First, even minor errors (technical faults, accidents, data recording errors, etc.) can alter, disrupt or block the system processes unintentionally. No matter what their origin, these incidents can fall like dominoes and paralyse large parts of regulated or coordinated sectors.
Second, incorrect commands and chains of commands intentionally smuggled in can force systems to behave in ways not helpful for the task at hand. If these incidents are on a large scale they are referred to as cyber war. In future "www" might also stand for World Web War ...
Unfortunately, cyber war is more than just a catchword. The media reports almost daily on electronic attacks against industries, corporate headquarters, administrative and data centres, etc. The perpetrators generally remain unknown.

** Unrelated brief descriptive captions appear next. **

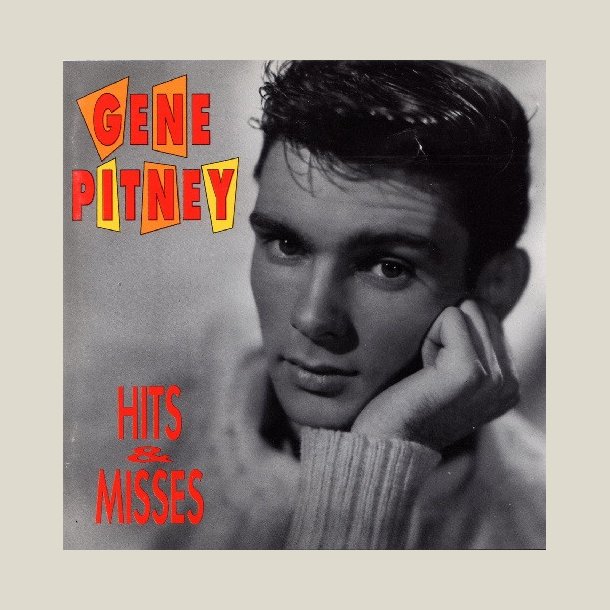 Gene Pitney - Hits &amp; Misses 
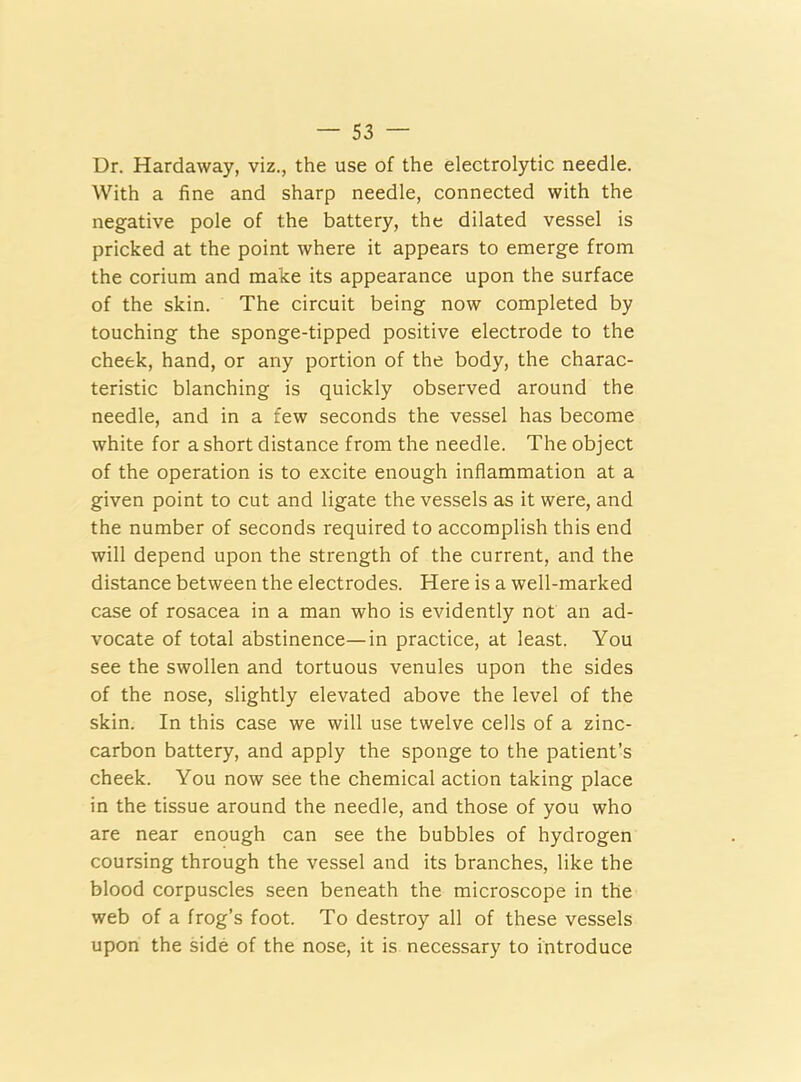 Dr. Hardaway, viz., the use of the electrolytic needle. With a fine and sharp needle, connected with the negative pole of the battery, the dilated vessel is pricked at the point where it appears to emerge from the corium and make its appearance upon the surface of the skin. The circuit being now completed by touching the sponge-tipped positive electrode to the cheek, hand, or any portion of the body, the charac- teristic blanching is quickly observed around the needle, and in a few seconds the vessel has become white for a short distance from the needle. The object of the operation is to excite enough inflammation at a given point to cut and ligate the vessels as it were, and the number of seconds required to accomplish this end will depend upon the strength of the current, and the distance between the electrodes. Here is a well-marked case of rosacea in a man who is evidently not an ad- vocate of total abstinence—in practice, at least. You see the swollen and tortuous venules upon the sides of the nose, slightly elevated above the level of the skin. In this case we will use twelve cells of a zinc- carbon battery, and apply the sponge to the patient’s cheek. You now see the chemical action taking place in the tissue around the needle, and those of you who are near enough can see the bubbles of hydrogen coursing through the vessel and its branches, like the blood corpuscles seen beneath the microscope in the web of a frog’s foot. To destroy all of these vessels upon the side of the nose, it is necessary to introduce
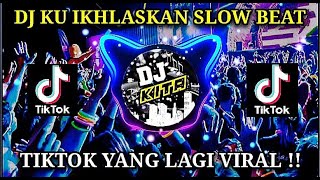 DJ Remix KU IKHLASKAN | DJ KOMANG Tik Tok Viral Slow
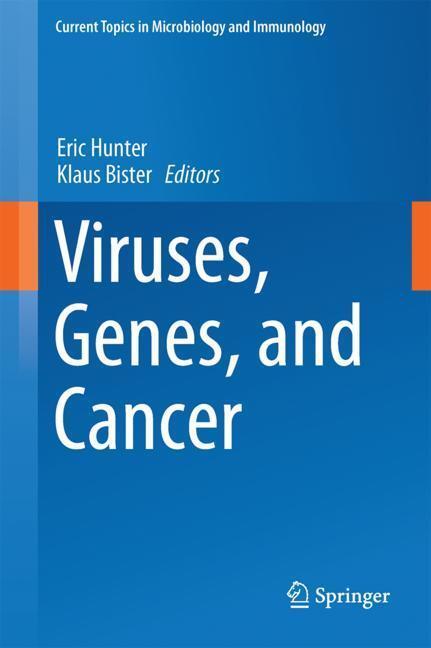 Cover: 9783319618036 | Viruses, Genes, and Cancer | Klaus Bister (u. a.) | Buch | xiii | 2017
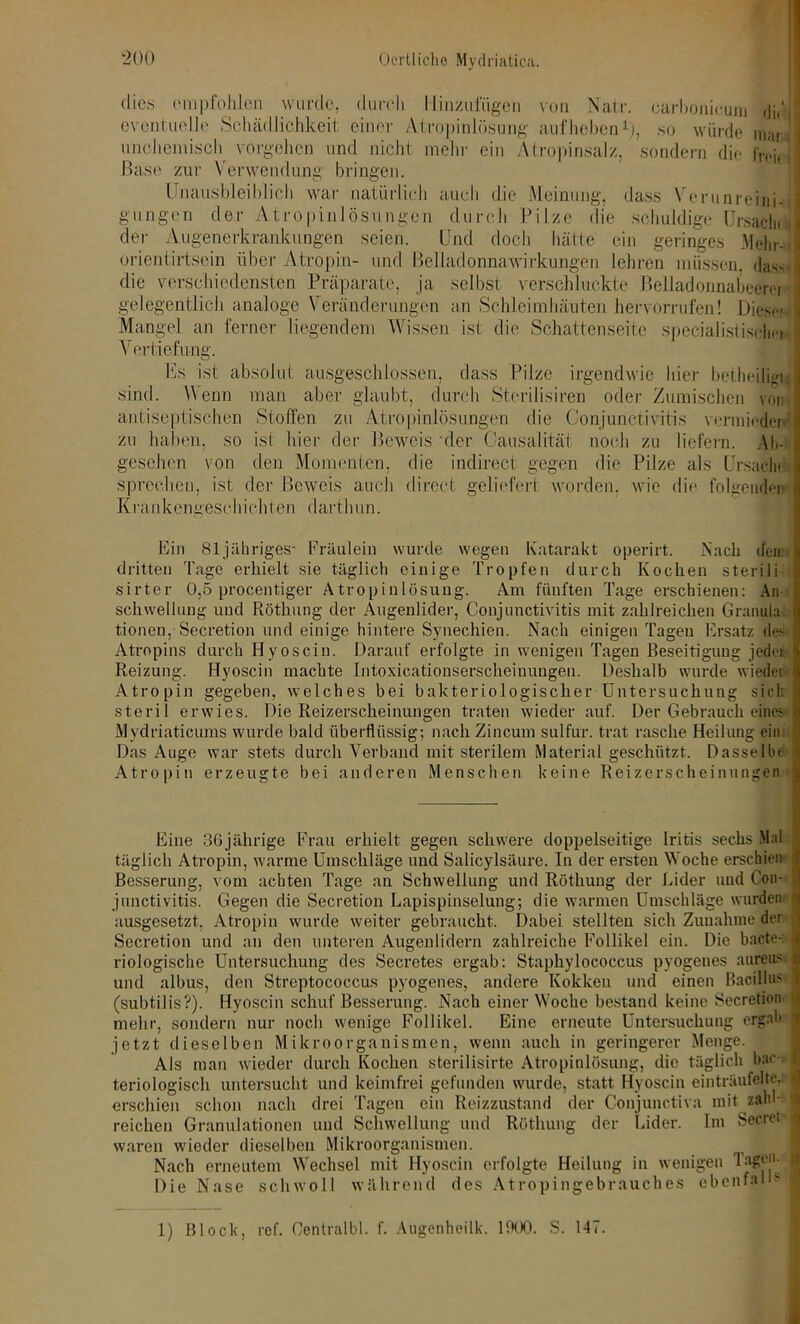 dies empfohlen wurde, durch Hinzufügen von Natr. oarbonieum di,' eventuelle Schädlichkeit einer Atropinlösung aufheben1), so würde marjj! unchemisch vorgehen und nicht mehr ein Atropinsalz, sondern die freie j Base zur Verwendung bringen. Unausbleiblich war natürlich auch die Meinung, dass Verunreinig gongen der Atropinlösungen durch Pilze die schuldige Ursaclin der Augenerkrankungen seien. Und doch hätte ein geringes Mehr- ■,> orientirtsein über Atropin- und Belladonnawirkungen lehren müssen, das.sJ die verschiedensten Präparate, ja selbst verschluckte Belladonnabcercr \ gelegentlich analoge \ eränderungen an Schleimhäuten hervorrufen! Diese- J Mangel an ferner liegendem Wissen ist die Schattenseite specialis!iseln-i i Vertiefe-ng. Es ist absolut ausgeschlossen, dass Pilze irgendwie hier betheil igi. sind. Wenn man aber glaubt, durch Sterilisiren oder Zumischen von antiseptischen Stoffen zu Atropinlösungen die Conjunctivitis vermieden«' zu haben, so ist hier der Beweis 'der Causalität noch zu liefern. Ab- gesehen von den Momenten, die indirect gegen die Pilze als Ursache sprechen, ist der Beweis auch direct geliefert worden, wie die folgenden Krankengeschichten darthun. Ein 81 jähriges- Fräulein wurde wegen Katarakt operirt. Nach denn dritten Tage erhielt sie täglich einige Tropfen durch Kochen sterili sirter 0,5 procentiger Atropinlösung. Am fünften Tage erschienen: An- schwellung und Röthung der Augenlider, Conjunctivitis mit zahlreichen Granula i tionen, Secretion und einige hintere Synechien. Nach einigen Tagen Ersatz dev Atropins durch Hyoscin. Darauf erfolgte in wenigen Tagen Beseitigung jeder Reizung. Hyoscin machte Intoxicationserscheinuugen. Deshalb wurde wieder Atropin gegeben, welches bei bakteriologischer Untersuchung sich steril erwies. Die Reizerscheinungen traten wieder auf. Der Gebrauch eines Mydriaticums wurde bald überflüssig; nach Zincum sulfur. trat rasche Heilung ein l Das Auge war stets durch Verband mit sterilem Material geschützt. Dasselbe Atropin erzeugte bei anderen Menschen keine Reizerscheinungen Eine 36jährige Frau erhielt gegen schwere doppelseitige Iritis sechs Mal täglich Atropin, warme Umschläge und Salicylsäure. In der ersten Woche erschien Besserung, vom achten Tage an Schwellung und Röthung der Eider und Con- junctivitis. Gegen die Secretion Lapispinselung; die warmen Umschläge wurden ausgesetzt, Atropin wurde weiter gebraucht. Dabei stellten sich Zunahme der Secretion und an den unteren Augenlidern zahlreiche Follikel ein. Die bacte-; riologische Untersuchung des Secretes ergab: Staphylococcus pyogenes aureus und albus, den Streptococcus pyogenes, andere Kokken und einen Bacillus (subtilis?). Hyoscin schuf Besserung. Nach einer Woche bestand keine Secretion mehr, sondern nur noch wenige Follikel. Eine erneute Untersuchung ergab jetzt dieselben Mikroorganismen, wenn auch in geringerer Menge. Als man wieder durch Kochen sterilisirte Atropinlösung, die täglich bac-i teriologisch untersucht und keimfrei gefunden wurde, statt Hyoscin einträufelte, erschien schon nach drei Tagen ein Reizzustand der Conjunctiva mit zahl- reichen Granulationen und Schwellung und Röthung der Lider. Im Secret waren wieder dieselben Mikroorganismen. i j Nach erneutem Wechsel mit Hyoscin erfolgte Heilung in wenigen Tage**- Die Nase schwoll während des Atropingebrauches ebenfalls 1 1) Block, ref. Oentralbl. f. Augenheilk. 1000. S. 141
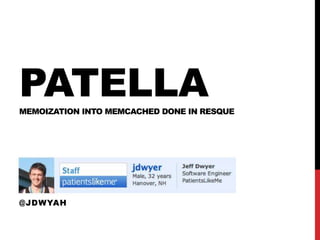 PATELLA
MEMOIZATION INTO MEMCACHED DONE IN RESQUE




JEFF DWYER
PATIENTSLIKEME
@JDWYAH
 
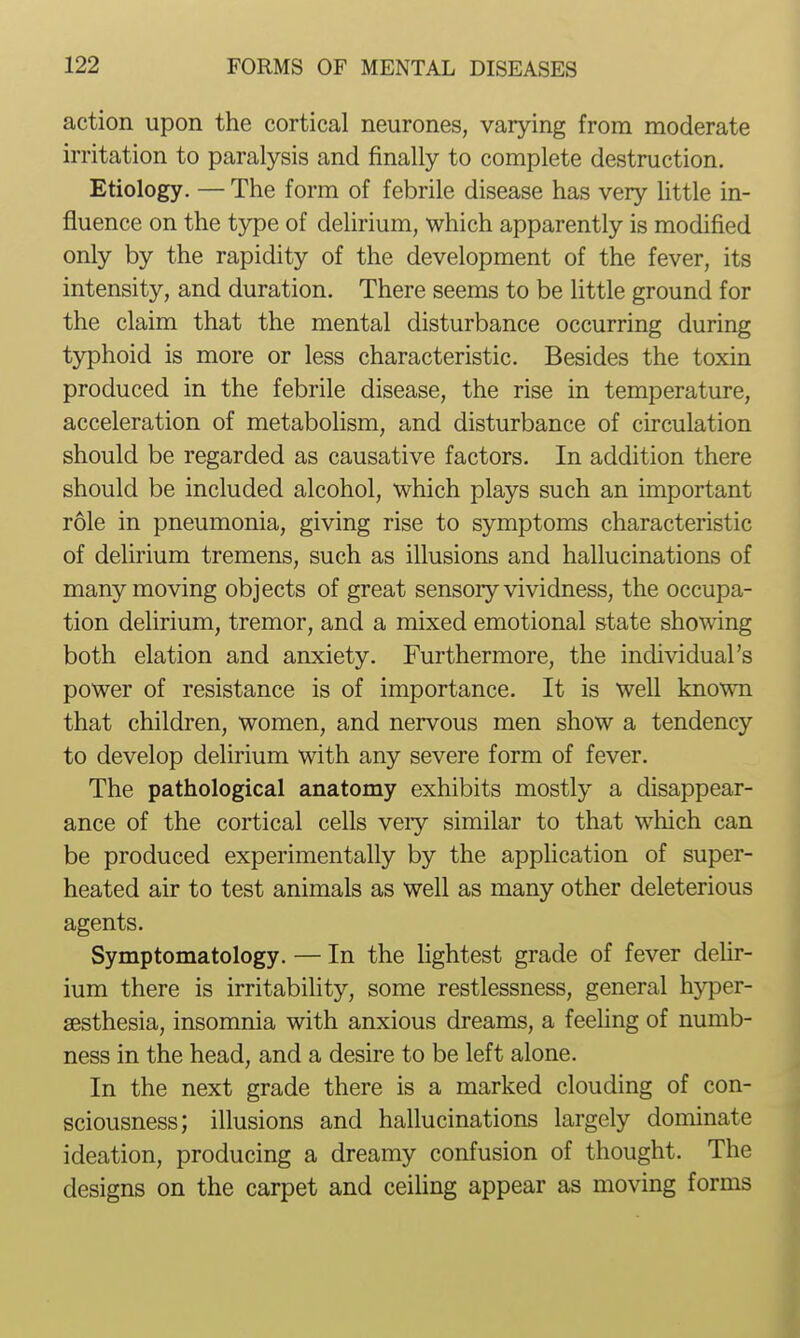 action upon the cortical neurones, varying from moderate irritation to paralysis and finally to complete destruction. Etiology. — The form of febrile disease has very little in- fluence on the type of delirium, which apparently is modified only by the rapidity of the development of the fever, its intensity, and duration. There seems to be little ground for the claim that the mental disturbance occurring during typhoid is more or less characteristic. Besides the toxin produced in the febrile disease, the rise in temperature, acceleration of metabolism, and disturbance of circulation should be regarded as causative factors. In addition there should be included alcohol, which plays such an important role in pneumonia, giving rise to symptoms characteristic of delirium tremens, such as illusions and hallucinations of many moving objects of great sensory vividness, the occupa- tion delirium, tremor, and a mixed emotional state showing both elation and anxiety. Furthermore, the individual's power of resistance is of importance. It is well known that children, women, and nervous men show a tendency to develop delirium with any severe form of fever. The pathological anatomy exhibits mostly a disappear- ance of the cortical cells veiy similar to that which can be produced experimentally by the application of super- heated air to test animals as well as many other deleterious agents. Symptomatology. — In the lightest grade of fever dehr- ium there is irritability, some restlessness, general hyper- sesthesia, insomnia with anxious dreams, a feeling of numb- ness in the head, and a desire to be left alone. In the next grade there is a marked clouding of con- sciousness; illusions and hallucinations largely dominate ideation, producing a dreamy confusion of thought. The designs on the carpet and ceiUng appear as moving forms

With digitalisation, it is much easier to conduct transactions in real time, produce efficient global data flows and use "inexpensive" standardised equipment. Why is there an almost fateful information risk associated with these advantages? The danger is to look at modern data technology merely as a network of lines. Nowadays, data is mostly transported using the Internet Protocol IP (a protocol that originated in the early 1980s). It is not important to know all the details but you should recognise the simple logical principle behind IP. The more efficient and useful a technology is, the easier and more efficiently it can be misused.
IP is involved in practically all situations, from transatlantic cables to local offices. And because not everyone in the world is good, the passive risk of data flows being tapped has been relevant from the very start of digitalisation. Today you have to take another aspect of the problem just as seriously, namely the possibility of outsiders actively misusing IP to intervene in infrastructure data processes with dishonest intentions. The potential for cyber war is enormous. The ruinous attack on the infrastructure of an entire country is a case in point (Estonia in 2007). The most recent examples are the Stuxnet viruses and their progeny. As a result, the IP network itself is becoming a critical infrastructure in the context of infrastructure facilities.
The protection of critical infrastructures is a task that cannot be described in just a few pages. And corresponding projects must be planned and implemented using specialists, the approach Crypto AG has been taking for user projects in these areas for years. That is why we will confine ourselves here to describing several key criteria of security planning for ICT networking (within and/or between sectors).
The bottom line: critical infrastructures constitute the nerve centre of every society. You can hardly overdo efforts to ensure the security of these infrastructures.